Exercise aim |
For this task, output exactly the lines of the material below starting at the line with "Sintesi Falco – Casazza Virtus 3-0" and ending at the line with "Livro revela rotina"; pictures are to be excluded.

Material provided |
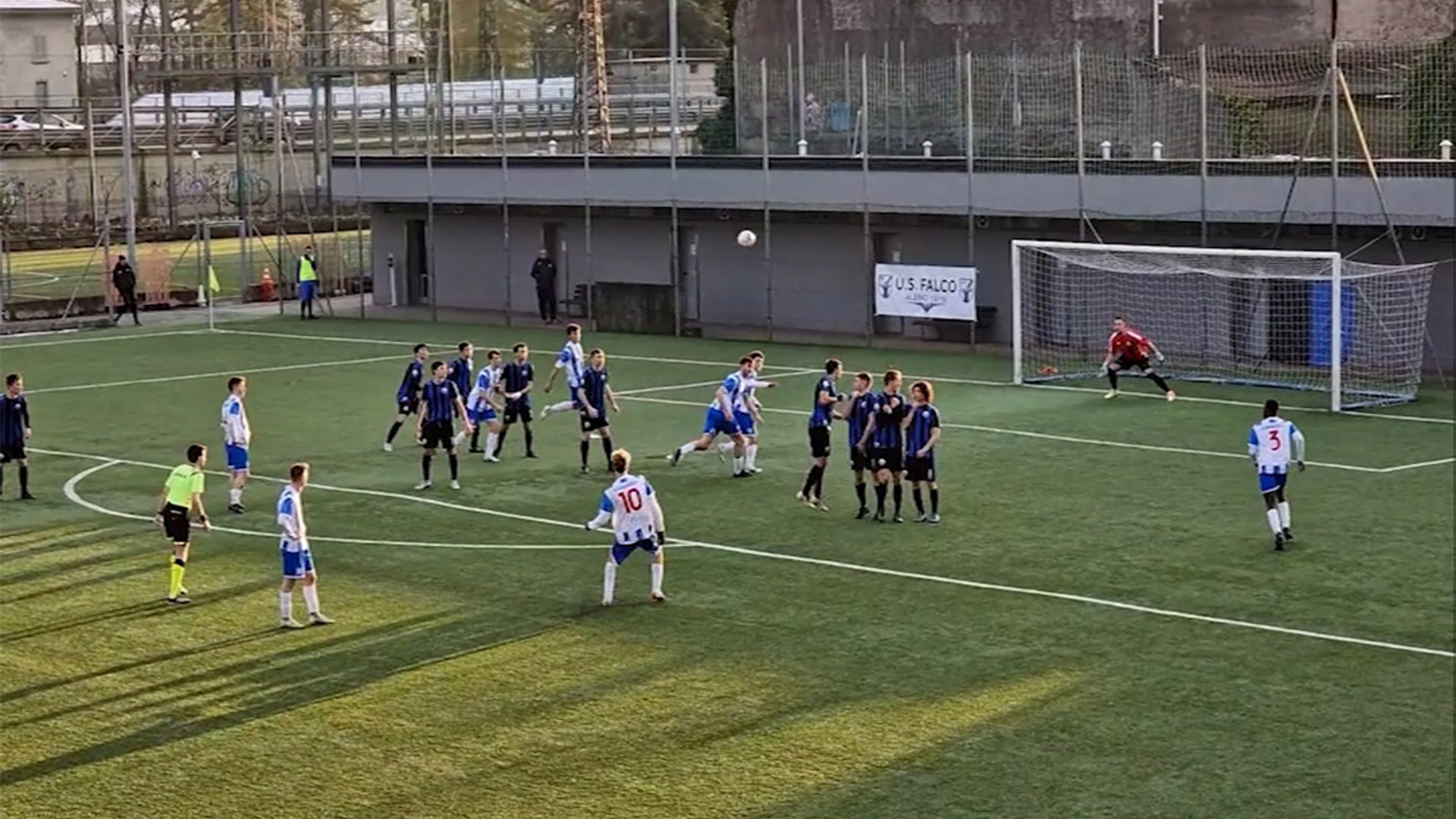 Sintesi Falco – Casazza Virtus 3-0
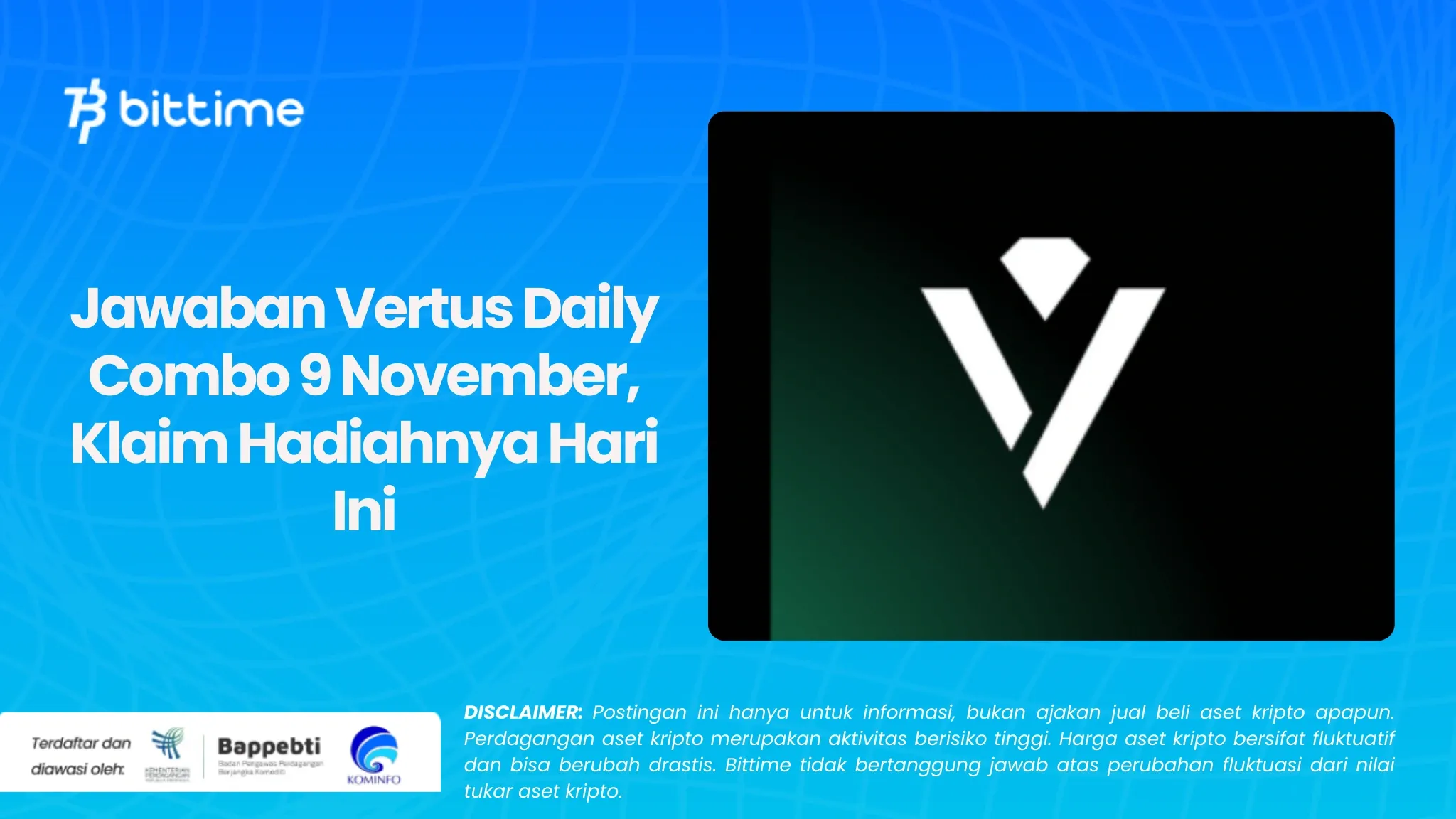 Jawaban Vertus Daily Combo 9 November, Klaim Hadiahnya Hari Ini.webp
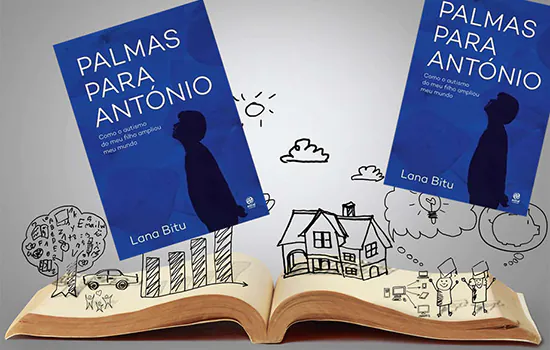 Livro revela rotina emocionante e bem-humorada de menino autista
--
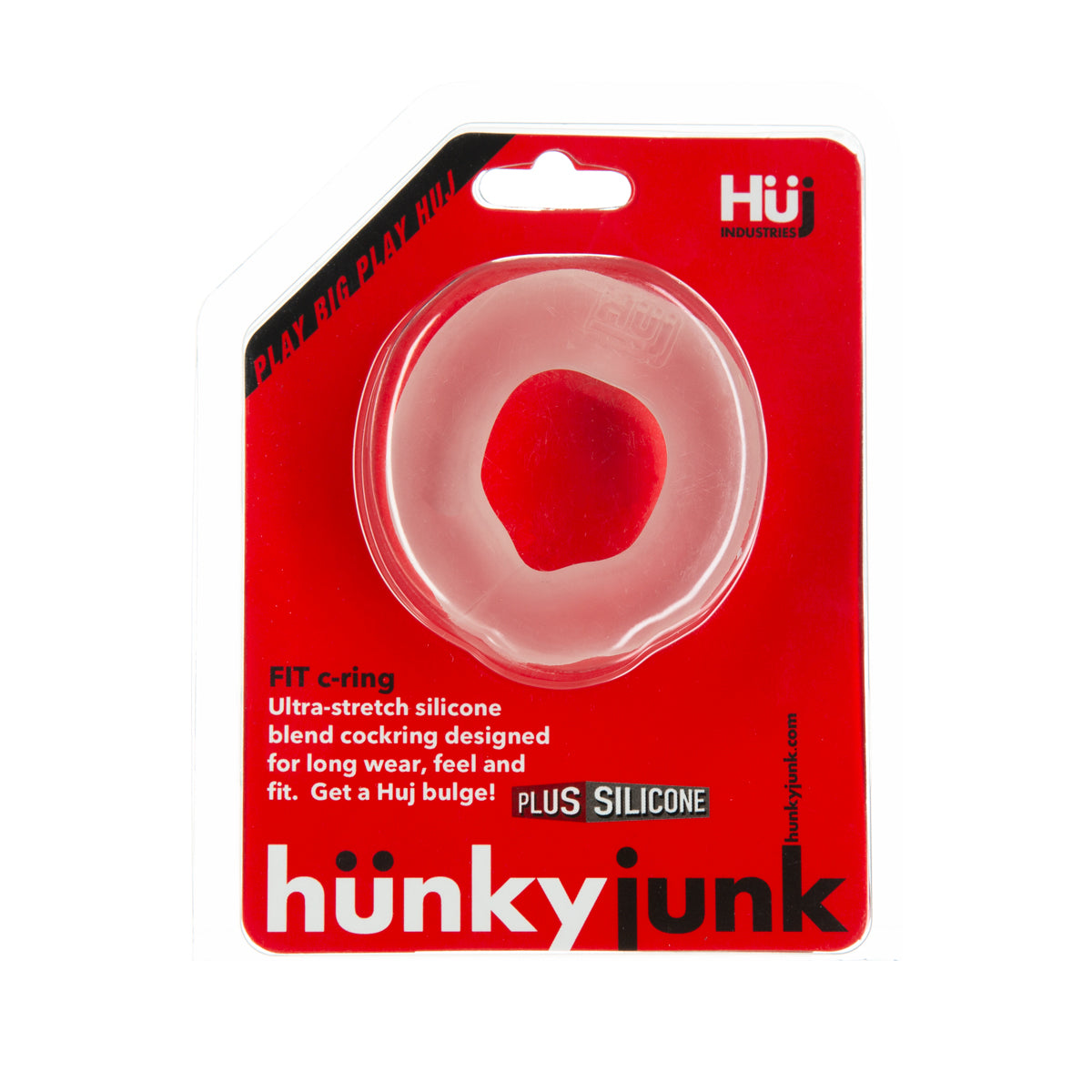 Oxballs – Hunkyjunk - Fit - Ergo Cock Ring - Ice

Answer section |
 Sintesi Falco – Casazza Virtus 3-0
 Jawaban Vertus Daily Combo 9 November, Klaim Hadiahnya Hari Ini.webp
 Livro revela rotina emocionante e bem-humorada de menino autista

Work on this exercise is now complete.